Some commentators have suggested the market for visual technologies - screens, projectors and signage - may provide a solution for IT resellers with shrinking hardware margins. But several years down the track, is this market still holding promise for IT VARs, and is the margin and investment worth the risk?
Martine Dodwell-Bennett, group sales and business development director at distributor Steljes, believes it can definitely be worthwhile for a reseller to build out an IT-based portfolio with audiovisual (AV) projects - with certain caveats, however.
“We are generally seeing more IT resellers and integrators moving into the AV market - that has been occurring over the past 18 months,” she says. “The ones that are doing well out of it are the ones offering whole solutions - those that include other things, such as AV, but with IT at their core.”
Whole in one
Dodwell-Bennett (pictured, right) says Steljes is seeing organisations implementing video conferencing, control systems, and smart interactive technologies as a whole solution for a range of meeting spaces - and they are doing nicely out of AV, primarily because they are also doing services wrapped around the technology and earning from doing the installations.
“Some IT resellers are moving into the AV market, doing it with a fulfilment model, but I don’t think they are doing so well,” she adds.

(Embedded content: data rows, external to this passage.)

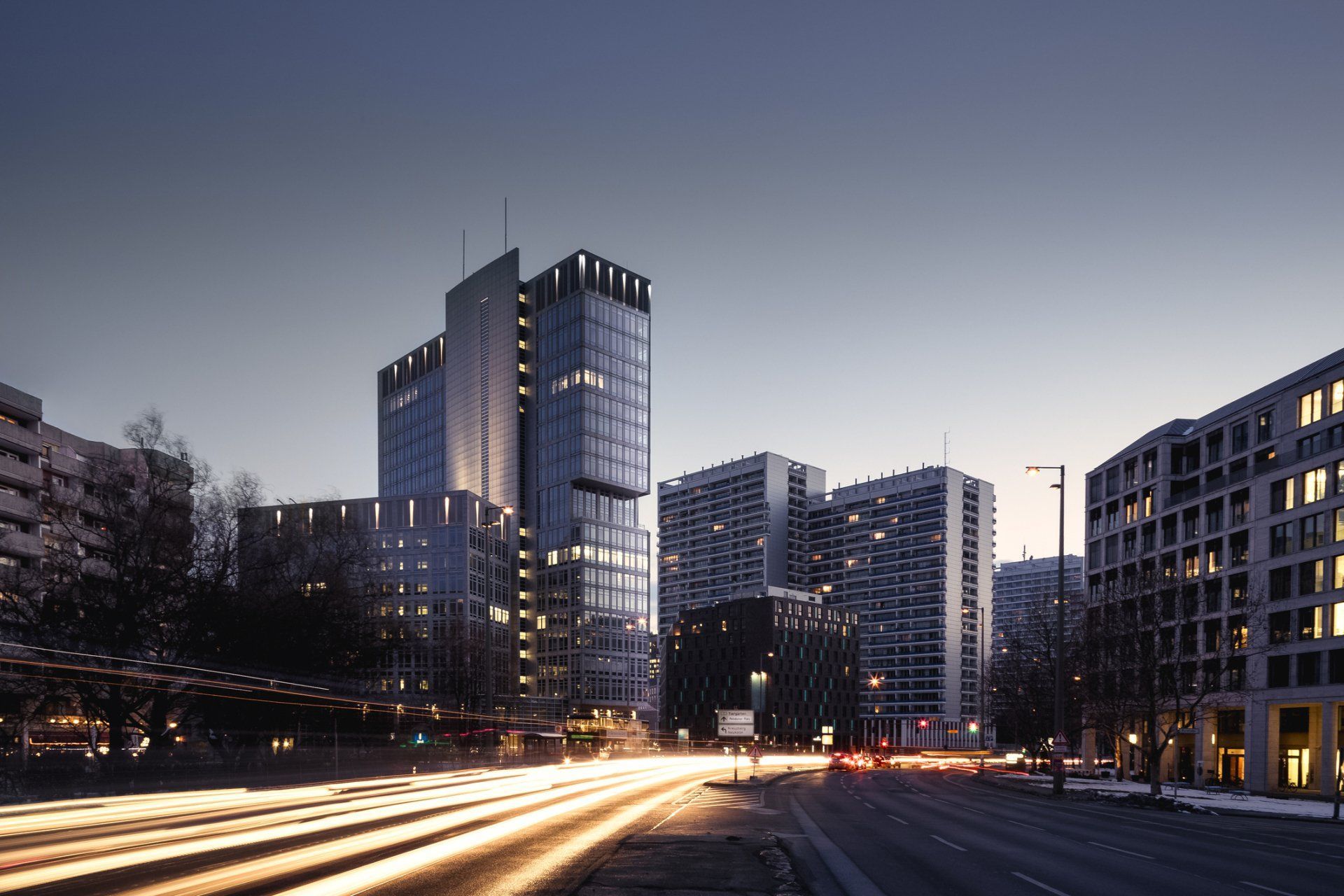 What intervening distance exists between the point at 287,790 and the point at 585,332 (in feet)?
502

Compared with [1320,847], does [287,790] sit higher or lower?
lower

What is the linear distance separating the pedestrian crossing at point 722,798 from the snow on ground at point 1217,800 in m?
20.9

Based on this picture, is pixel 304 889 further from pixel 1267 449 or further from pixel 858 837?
pixel 1267 449

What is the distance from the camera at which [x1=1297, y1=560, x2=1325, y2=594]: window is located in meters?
67.6

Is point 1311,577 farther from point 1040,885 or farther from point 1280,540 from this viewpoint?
point 1040,885

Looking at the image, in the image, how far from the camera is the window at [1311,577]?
222 ft

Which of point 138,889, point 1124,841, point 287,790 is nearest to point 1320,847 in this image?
point 1124,841

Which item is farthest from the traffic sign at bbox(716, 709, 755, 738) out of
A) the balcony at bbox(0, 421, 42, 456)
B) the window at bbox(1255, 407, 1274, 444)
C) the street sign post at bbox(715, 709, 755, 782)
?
the balcony at bbox(0, 421, 42, 456)

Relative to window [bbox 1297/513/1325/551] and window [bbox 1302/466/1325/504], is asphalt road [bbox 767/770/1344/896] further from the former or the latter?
window [bbox 1302/466/1325/504]

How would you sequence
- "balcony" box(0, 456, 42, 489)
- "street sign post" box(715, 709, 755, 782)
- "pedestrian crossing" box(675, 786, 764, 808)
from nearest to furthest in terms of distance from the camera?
1. "pedestrian crossing" box(675, 786, 764, 808)
2. "street sign post" box(715, 709, 755, 782)
3. "balcony" box(0, 456, 42, 489)

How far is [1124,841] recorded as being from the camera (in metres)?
28.6

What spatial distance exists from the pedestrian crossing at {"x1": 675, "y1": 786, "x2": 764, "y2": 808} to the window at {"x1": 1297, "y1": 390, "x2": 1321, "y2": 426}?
47.0 m

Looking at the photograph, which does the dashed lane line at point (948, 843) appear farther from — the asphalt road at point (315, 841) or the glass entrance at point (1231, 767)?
the glass entrance at point (1231, 767)

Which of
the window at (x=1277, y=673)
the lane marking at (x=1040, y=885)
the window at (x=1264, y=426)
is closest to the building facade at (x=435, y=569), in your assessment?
the window at (x=1264, y=426) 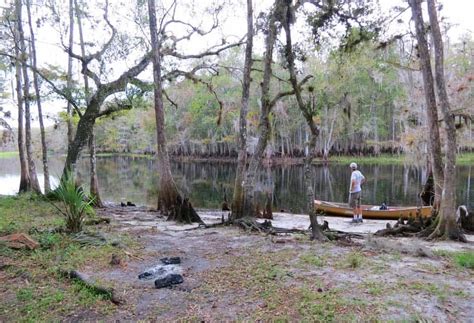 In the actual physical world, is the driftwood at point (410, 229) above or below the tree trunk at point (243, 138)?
below

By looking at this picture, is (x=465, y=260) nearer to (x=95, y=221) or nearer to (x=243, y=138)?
(x=243, y=138)

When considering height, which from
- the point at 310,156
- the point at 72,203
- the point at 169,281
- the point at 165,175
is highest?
the point at 310,156

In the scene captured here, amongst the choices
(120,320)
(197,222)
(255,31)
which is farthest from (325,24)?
(120,320)

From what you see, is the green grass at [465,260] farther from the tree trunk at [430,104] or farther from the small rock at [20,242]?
the small rock at [20,242]

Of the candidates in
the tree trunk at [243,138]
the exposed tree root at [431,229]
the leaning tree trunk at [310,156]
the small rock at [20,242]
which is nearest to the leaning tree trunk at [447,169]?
the exposed tree root at [431,229]

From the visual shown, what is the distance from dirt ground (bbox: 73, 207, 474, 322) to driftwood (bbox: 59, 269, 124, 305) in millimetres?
111

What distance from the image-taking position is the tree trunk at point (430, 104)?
903 centimetres

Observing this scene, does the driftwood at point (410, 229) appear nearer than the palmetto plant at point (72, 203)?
No

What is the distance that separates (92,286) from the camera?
4.77m

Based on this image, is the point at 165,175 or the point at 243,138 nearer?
the point at 243,138

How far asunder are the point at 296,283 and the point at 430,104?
21.4ft

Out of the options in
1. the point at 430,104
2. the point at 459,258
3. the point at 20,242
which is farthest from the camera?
the point at 430,104

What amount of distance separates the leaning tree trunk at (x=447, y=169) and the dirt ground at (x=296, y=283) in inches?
17.8

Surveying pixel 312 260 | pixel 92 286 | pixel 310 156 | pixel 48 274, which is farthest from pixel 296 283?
pixel 310 156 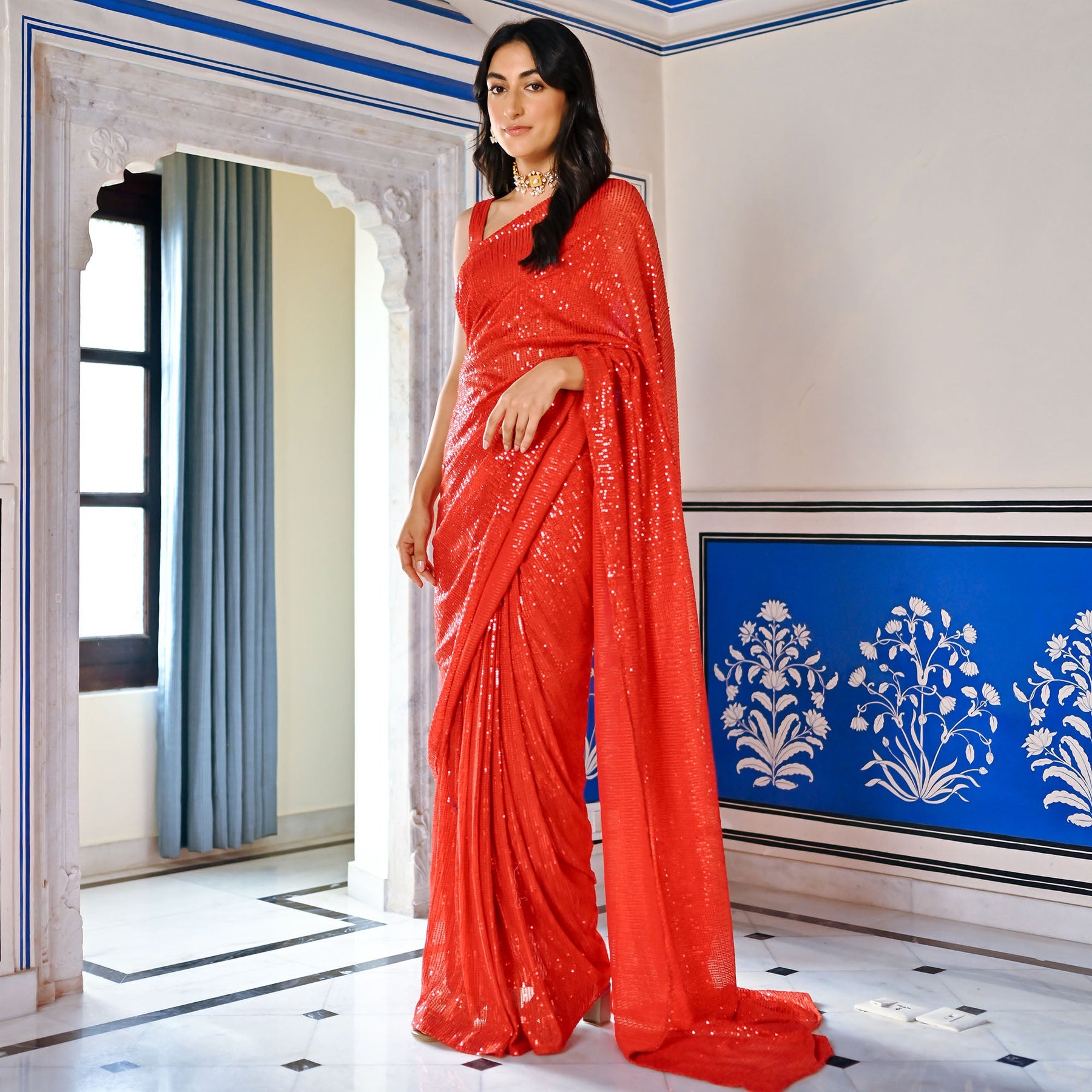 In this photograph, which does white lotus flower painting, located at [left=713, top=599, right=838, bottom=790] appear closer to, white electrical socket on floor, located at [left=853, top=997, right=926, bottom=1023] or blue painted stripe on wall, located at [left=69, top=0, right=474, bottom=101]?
white electrical socket on floor, located at [left=853, top=997, right=926, bottom=1023]

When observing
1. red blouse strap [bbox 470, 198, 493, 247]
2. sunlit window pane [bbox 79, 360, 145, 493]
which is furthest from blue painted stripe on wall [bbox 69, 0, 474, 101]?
sunlit window pane [bbox 79, 360, 145, 493]

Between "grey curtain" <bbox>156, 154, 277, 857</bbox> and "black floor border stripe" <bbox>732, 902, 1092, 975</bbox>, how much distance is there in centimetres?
181

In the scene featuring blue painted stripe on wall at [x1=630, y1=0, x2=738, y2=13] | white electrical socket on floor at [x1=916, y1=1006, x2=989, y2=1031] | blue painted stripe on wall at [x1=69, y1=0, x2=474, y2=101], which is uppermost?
blue painted stripe on wall at [x1=630, y1=0, x2=738, y2=13]

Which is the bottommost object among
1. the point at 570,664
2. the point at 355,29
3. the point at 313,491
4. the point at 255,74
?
the point at 570,664

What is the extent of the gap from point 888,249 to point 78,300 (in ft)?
7.16

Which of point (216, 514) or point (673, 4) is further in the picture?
point (216, 514)

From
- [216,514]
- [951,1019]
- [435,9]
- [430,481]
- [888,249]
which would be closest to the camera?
[951,1019]

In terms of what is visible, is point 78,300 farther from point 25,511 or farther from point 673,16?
point 673,16

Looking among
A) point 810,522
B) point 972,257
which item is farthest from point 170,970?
point 972,257

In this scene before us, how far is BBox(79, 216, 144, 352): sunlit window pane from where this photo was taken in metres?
4.32

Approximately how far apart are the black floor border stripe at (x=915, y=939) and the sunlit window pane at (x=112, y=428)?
250 centimetres

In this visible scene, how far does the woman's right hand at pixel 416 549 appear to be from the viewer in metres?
2.69

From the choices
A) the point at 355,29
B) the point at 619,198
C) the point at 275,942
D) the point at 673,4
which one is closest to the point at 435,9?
the point at 355,29

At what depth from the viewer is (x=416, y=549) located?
2.70 meters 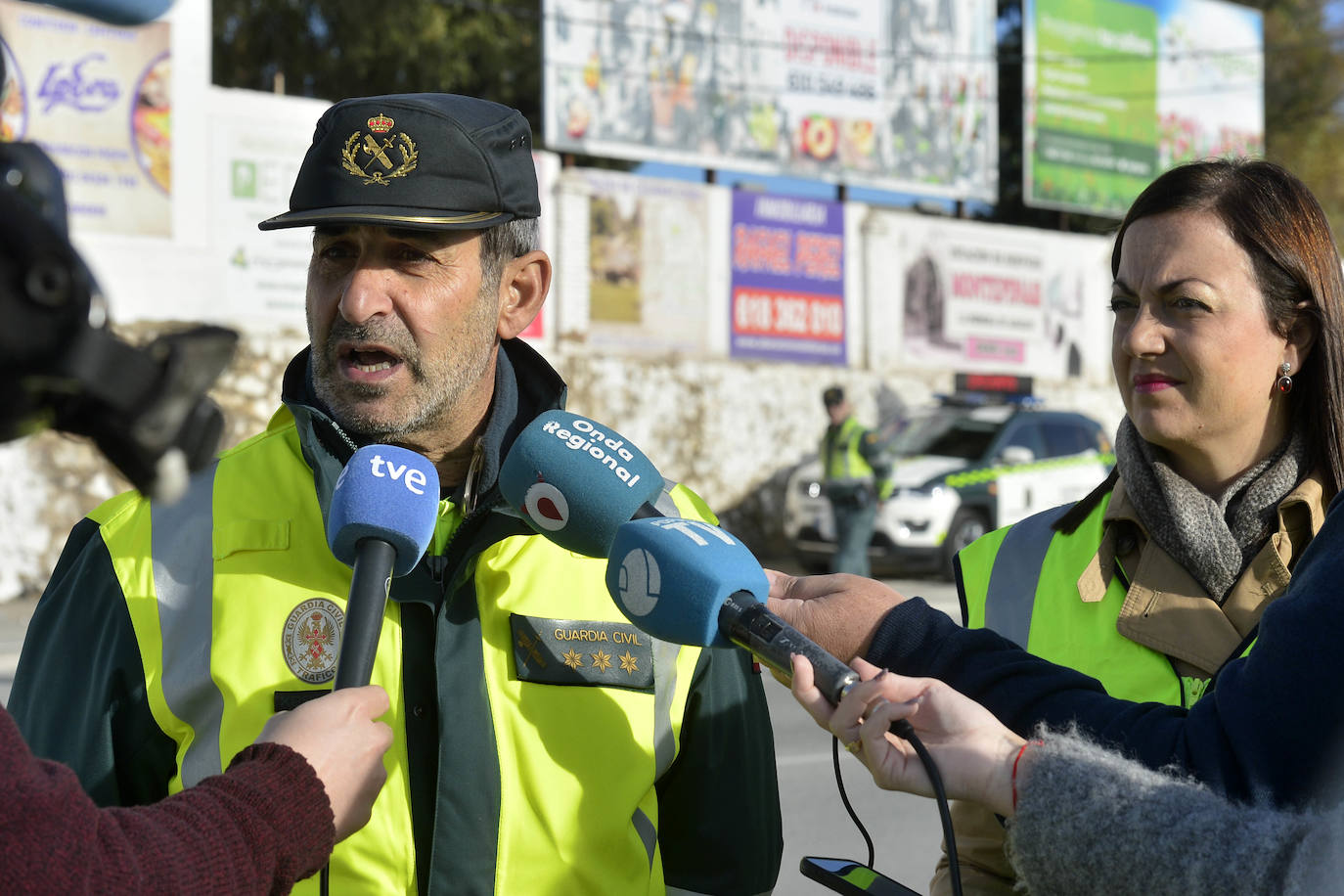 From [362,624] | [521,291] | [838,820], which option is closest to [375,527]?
[362,624]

Box-shifters are unlikely to make enough margin for it to be profitable, she notes. Furthermore, if an IT-focused channel partner is not offering something above and beyond what a specialised AV reseller would offer, there is little clear benefit for the end customer in choosing an IT reseller.
Generalist IT VARs are, by definition, not specialists - so they are much less likely to have the expertise of a dedicated AV reseller.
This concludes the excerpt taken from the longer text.